BlueCross and BlueShield of Montana Medical Policy/Codes
Brain Tissue Transplantation, Neurotransplantation for Treatment of Parkinsons Disease
Chapter: Surgery: Procedures
Current Effective Date: October 25, 2013
Original Effective Date: October 25, 2013
Publish Date: October 25, 2013
Description

Parkinson's disease is a degenerative disease that includes symptoms of resting tremor, rigidity, and bradykinesia.  The condition usually appears after age 40 years and progresses slowly over many years.  Drug treatment with levodopa can usually restore smooth motor function for up to 5–10 years after onset of Parkinson's disease by permitting surviving dopaminergic cells to bypass a rate-limiting enzyme, tyrosine hydroxylase, and thus produce enough dopamine to maintain adequate motor function.  Eventually, more dopaminergic cells die, leading to progressive disability.

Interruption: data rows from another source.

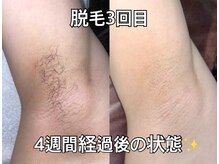 リエル(RIEL)/【ワキ脱毛】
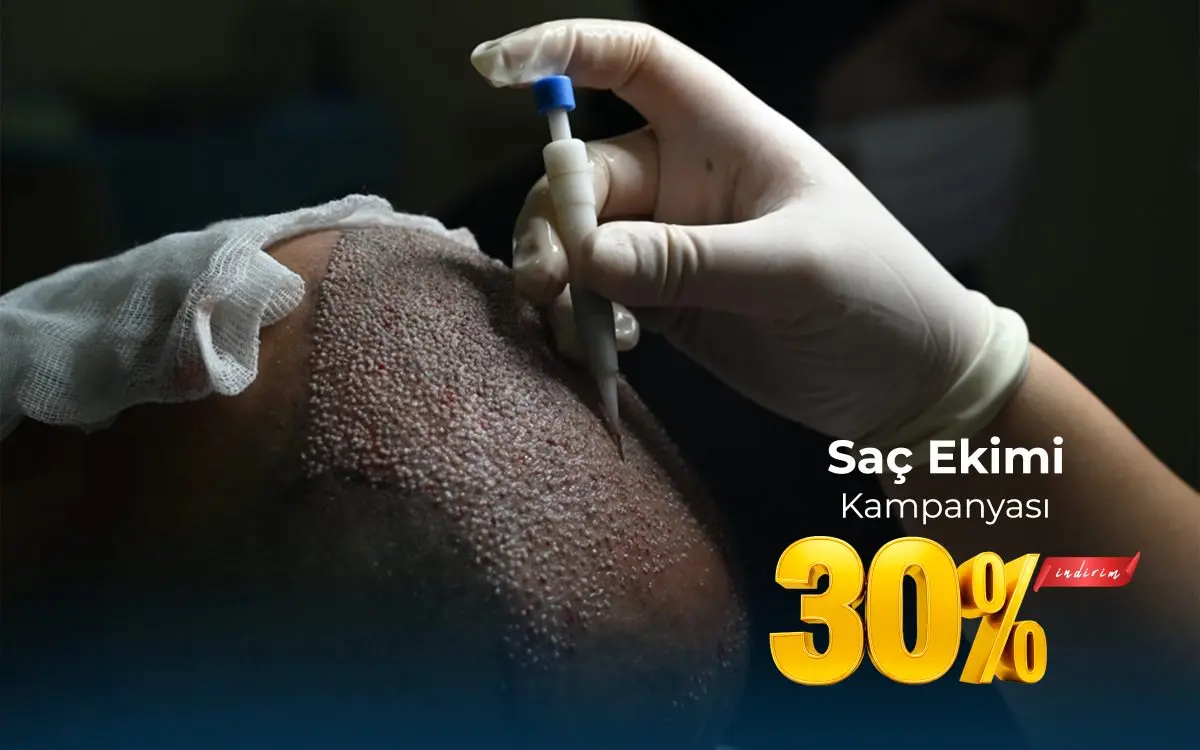 Saç Ekimi kampanyası — %30 indirim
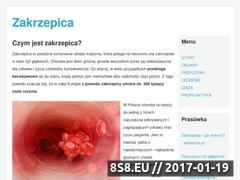 Miniaturka domeny e-zakrzepica.pl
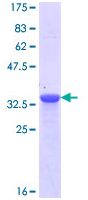SDS-PAGE - Recombinant Human Nephrin protein (AB114263)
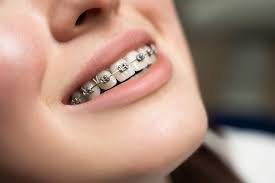 Best Dental Braces in Kalyanpur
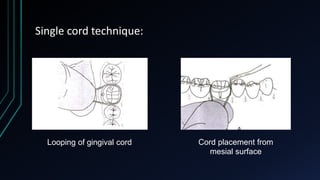 Fluid control and ginigival retraction | PPTX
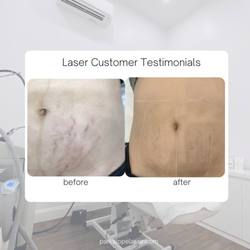 Park Slope Laser Aesthetic Center - stretch mark removal progress  using laser.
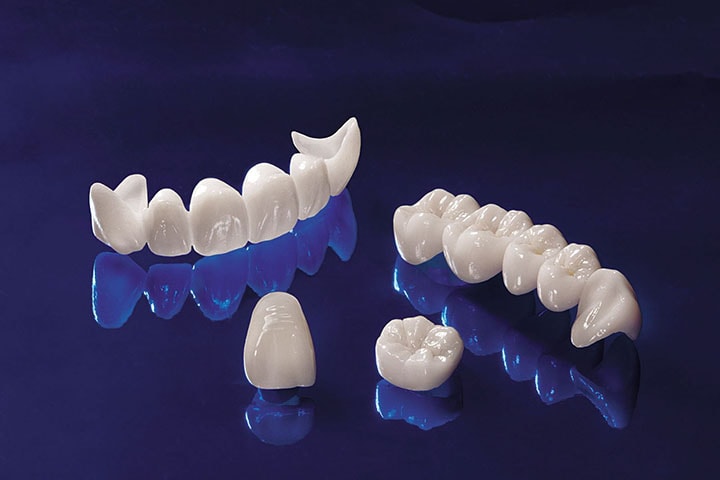 Bọc răng sứ titan có tốt không ? Ưu nhược điểm răng sứ titan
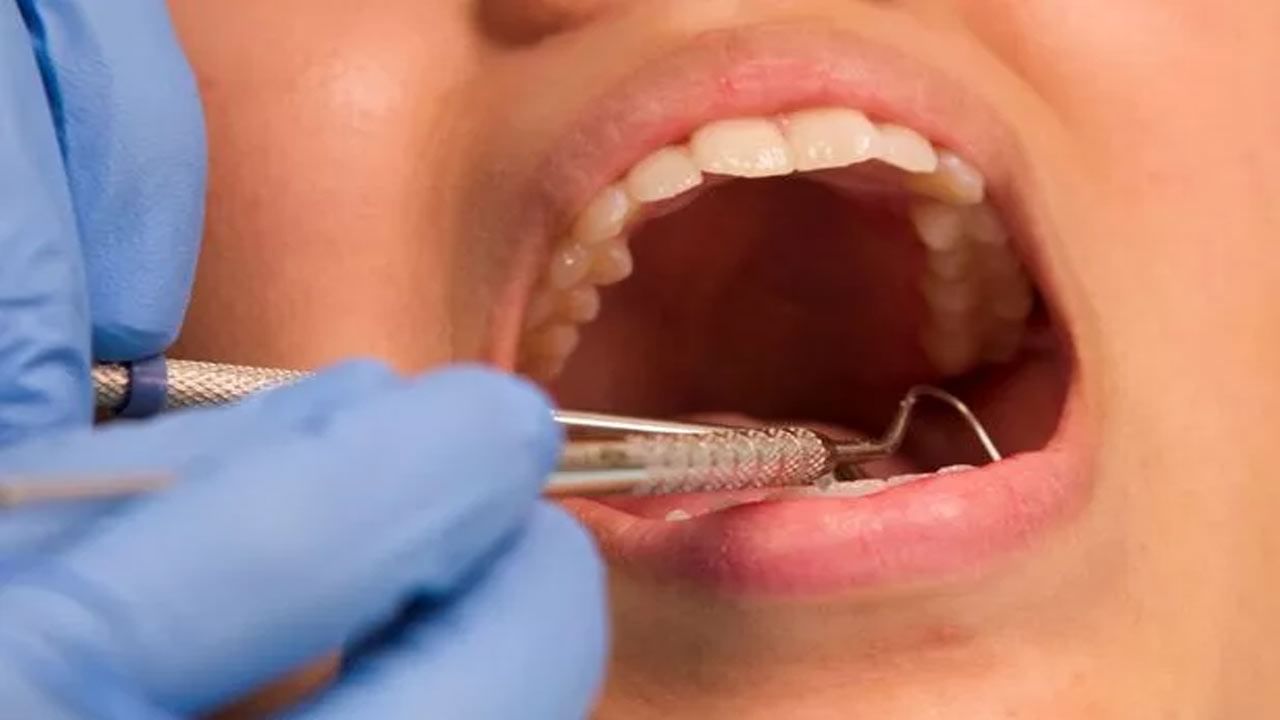 Dental hygiene: రోజువారీ జీవితంలో చేసే ఈ చిన్న పొరబాటు.. స్ట్రోక్ ప్రమాదాన్ని పెంచుతుందట!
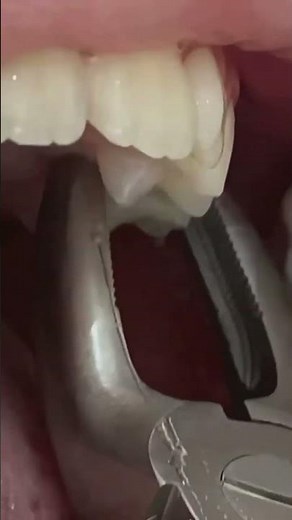 Süt diş çekimi nasıl yapılır // baby tooth extraction.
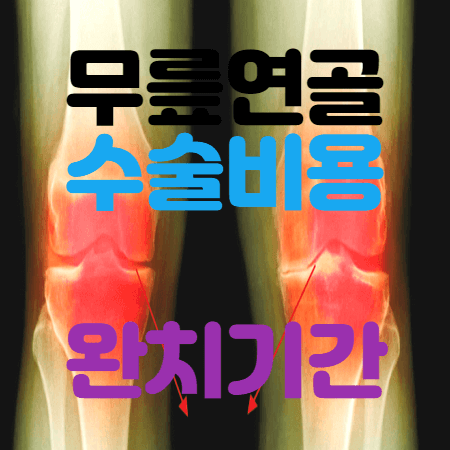 무릎연골 수술이 필요한 무릎의 상태
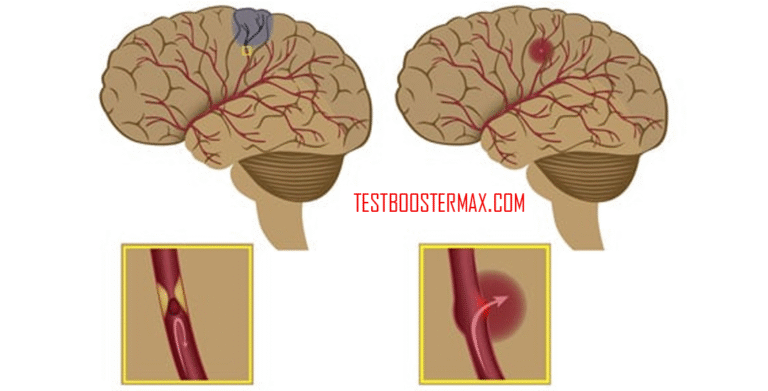 Stroke: Kondisi Darurat Medis yang Perlu Diketahui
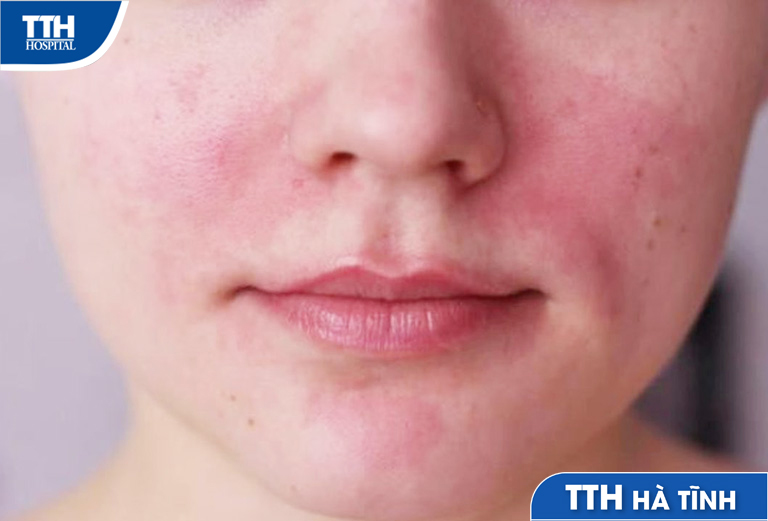 Dị ứng khẩu trang: Nguyên nhân, triệu chứng và cách khắc phục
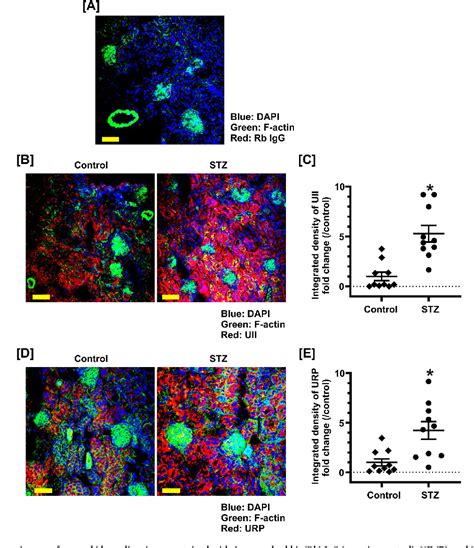 Figure 2 From Urotensin II System In Chronic Kidney Disease Semantic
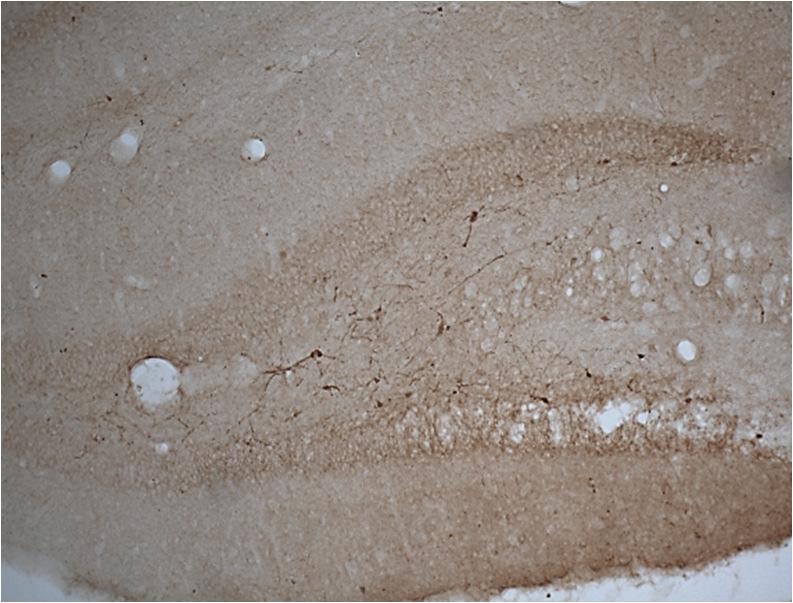time points (Fig. 22).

In an effort to modify motor disability of advanced Parkinson's disease, embryonic mesencephalic (midbrain) tissue containing dopamine-producing cells is implanted into the caudate and putamen of the candidate's brain.

The transplantation of adrenal medullary tissue to the corpus striatum is intended to ameliorate the motor and postural dysfunctions of Parkinson’s disease.  Striatal dopamine is depleted in Parkinson’s disease patients.  The rational for the procedure is that adrenal tissue may restore dopamine activity in the corpus striatum.  Adrenal-to-brain transplantation can involve either autografts or fetal allografts.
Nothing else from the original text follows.